Track Markdown references to make rendering Markdown more efficient
Currently we always parse issue bodies, comments, etc because we might need to redact data. As of !9462 (merged) we now also have to check issue links to adjust the state in the Markdown. This means we're always parsing HTML, operating on it, then serialize it back to a String. In many cases we're doing nothing useful at all as private references are rare. As such we're just wasting a lot of time when displaying data.
To work around this I propose a system where we keep track of references from source objects (issues, comments, or merge requests) to target objects (issues or merge requests). In this system, whenever a comment refers to an issue (regardless of its state or visibility) we store a reference in a table. When the target object is updated (e.g. the visibility is changed), we flush the cached Markdown of all referring objects (using the references table).
Let's say we start out with tracking references for issues, comments, and merge requests. To ensure these stables can be vacuumed and updated efficiently I would store data in separate tables. Thus, we end up with these tables:
Each column would have a foreign key with a cascading delete, ensuring references are removed automatically whenever a source or target object is removed. Of these tables the target ID columns need to be indexed using a regular index.
An index on the source column (issue_id for example) might also be needed, but
this depends a bit on how we write the queries used for flushing data. For
example, if we use
WHERE notes.id IN (SELECT note_id FROM note_references ...)
we probably don't need an index; but I'm not 100% sure.
In this system, if you update an issue you run the following SQL queries to flush any caches of referring objects:
UPDATE notes SET note_html = NULL WHERE EXISTS ( SELECT true FROM note_references WHERE target_issue_id = CURRENT-ISSUE-ID AND notes.id = note_references.note_id ); UPDATE issues SET title_html = NULL, body_html = NULL WHERE EXISTS ( SELECT true FROM issue_references WHERE target_issue_id = CURRENT-ISSUE-ID AND issues.id = issue_references.issue_id ); -- etc
This can be done using a Sidekiq job so the flushing doesn't impact response timings. Here each "source" collection (issues, merge requests, etc) would be a separate job, allowing flushing of data in parallel.
With a setup such as the above, once Markdown has been rendered all we need to do is:
- Check if there are any private references (we can track this in a separate boolean column)
- If so, redact these references if necessary. If not, just display the HTML as-is (without parsing it at all).

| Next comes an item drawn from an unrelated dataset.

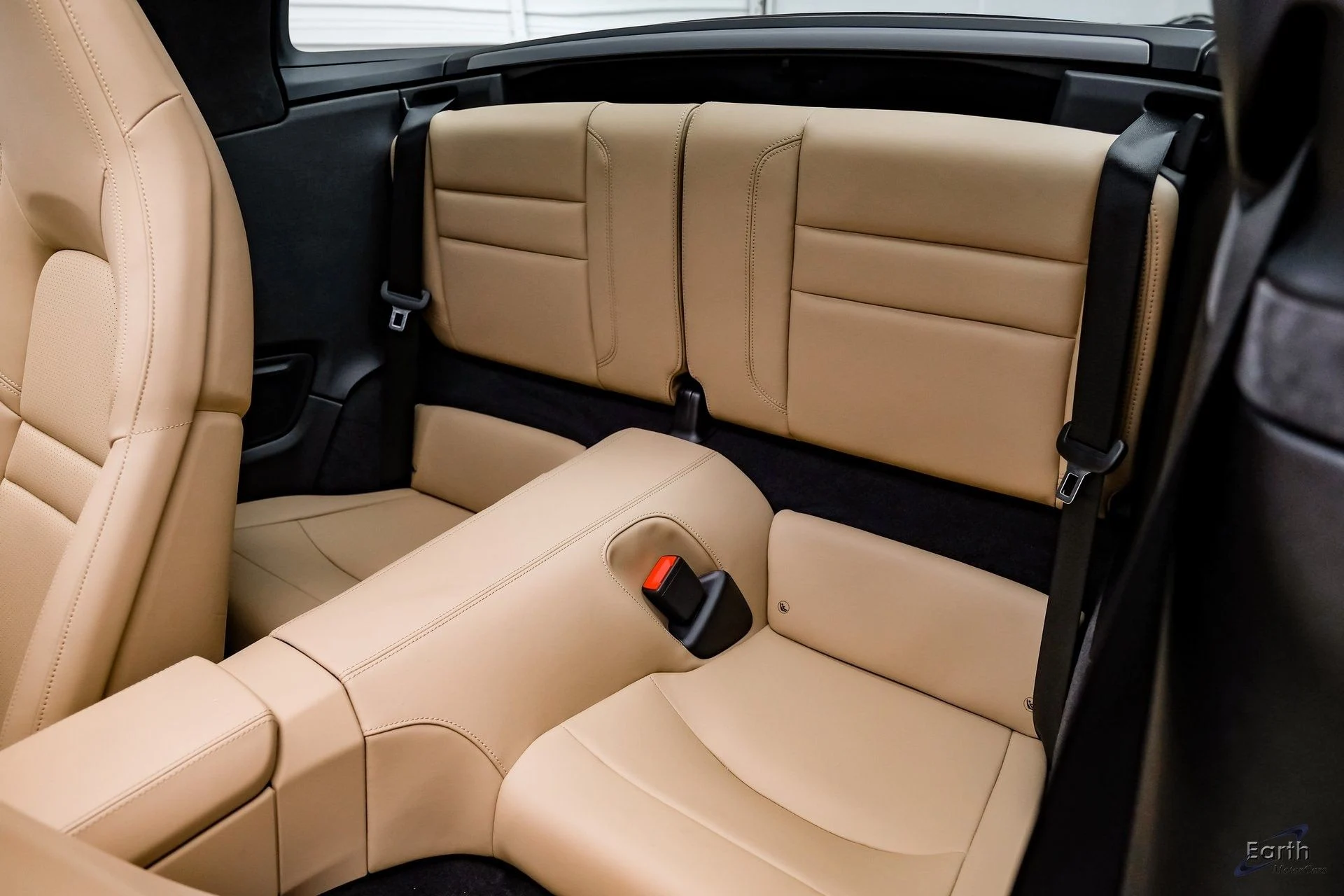 mph084_3255831381_559ca2feaa2e8646e9d0c0efbff2ab15x_d1c623bd87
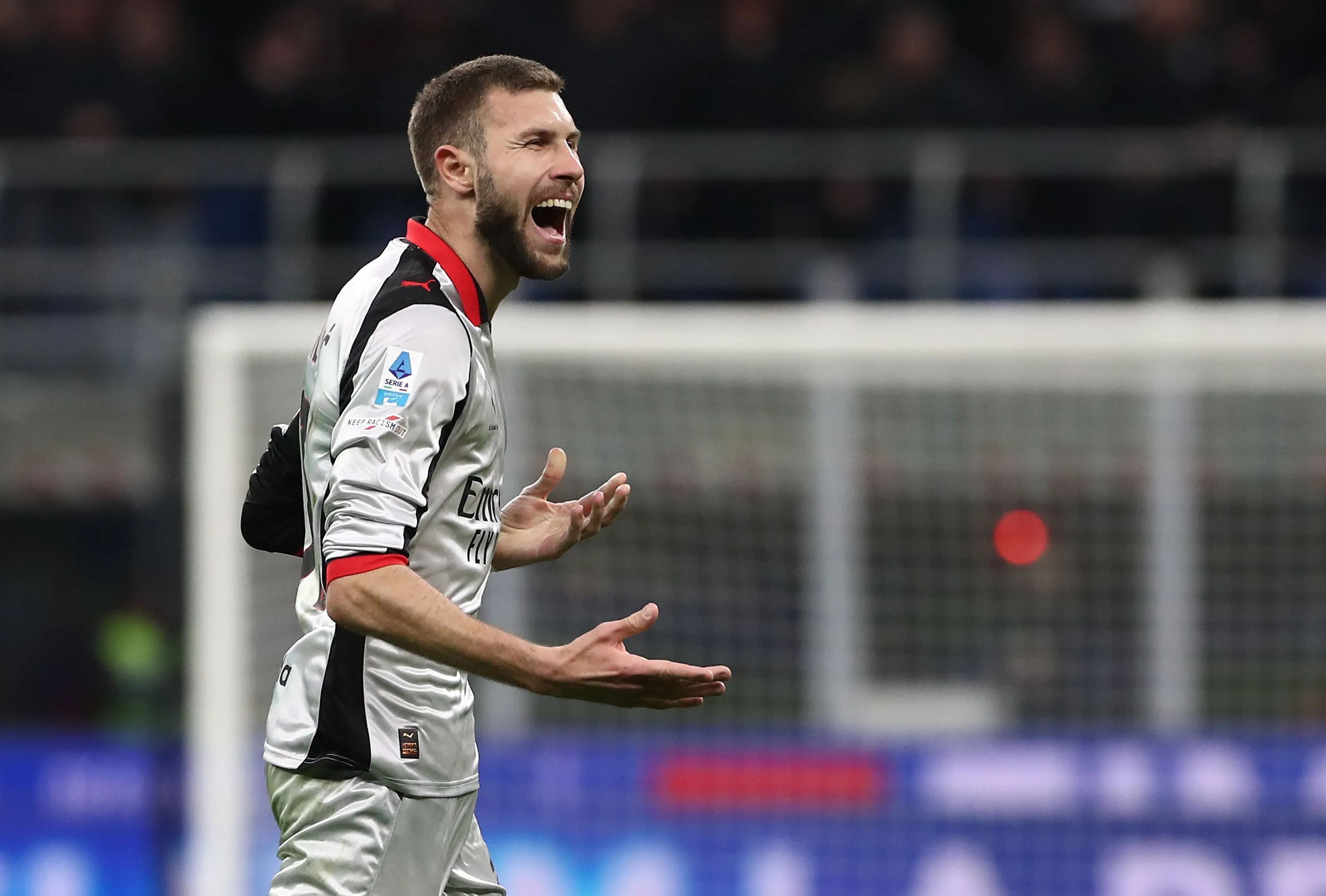 Pavlovic em campo pelo Milan (Foto: Marco Luzzani/Getty Images)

This in turn means that for the vast majority of resources (or at least comments) we don't need to do anything after the initial rendering phase.
Why not use polymorphic associations?
There are a few reasons for this:
- We end up storing more data in a single table, meaning vacuuming will have to process more (thus taking more time).
- Querying referring objects becomes more painful.
- We can not use foreign keys to enforce consistency and automatically remove referring objects when target objects are removed.
- Because all data is in a single table this means the data resides on the same
disk. Using separate tables allows you to store tables on separate disks,
which can be very useful for large tables (e.g. our
For vacuuming: consider having 1 million references. Storing all of this in a
single table means having to process 1 million tuples every time we vacuum.
Storing this data in separate tables means we have
1 million / n-tables tuples
per table. Since different tables can be vacuumed in parallel this reduces the
total time spent vacuuming.
For querying: consider the following query to flush the cache of referring notes:
UPDATE notes SET note_html = NULL WHERE EXISTS ( SELECT true FROM note_references WHERE target_issue_id = CURRENT-ISSUE-ID AND notes.id = note_references.note_id );
Now compare this with the polymorphing equivalent:
UPDATE notes SET note_html = NULL WHERE EXISTS ( SELECT true FROM note_references WHERE target_id = CURRENT-ISSUE-ID AND target_type = 'Issue' AND notes.id = note_references.note_id );
There are a few problems with this:
- In our current setup we store class names for target types, meaning we can basically never rename them without writing a large migration.
- Querying requires another
- The target_type column probably will require another index.
- Foreign keys don't work with polymorphic associations, meaning we need to take care of removing referring objects ourselves (something PostgreSQL is much better at).
For foreign keys: there is no database that I know of that supports polymorphic
foreign keys. This means we need to manually remove referring objects (e.g.
delete_all method) when removing source objects. This has a
tendency to be very slow (e.g. it's currently almost impossible to remove a
project with a lot of events because of this), whereas foreign keys can handle
this very efficiently. Foreign keys also ensure references won't end up being
orphaned (a problem we have run into a lot in the past).
- For every reference of every referring object we insert 1 row. This means these tables can grow quite large (think millions and millions of rows).
- Migrating these tables (because of the above) will be a time consuming process. This means changes need to be done only when absolutely necessary.
- Flushing of caches has to be done using Sidekiq, as otherwise this could delay web response timings. This means the cache invalidation is eventually consistent. This however should be fine since caches are not critical data.
- We have to make sure that per object we only run a single INSERT for all references, and not one INSERT per reference.
- When a reference is removed we need to make sure any reference rows are removed.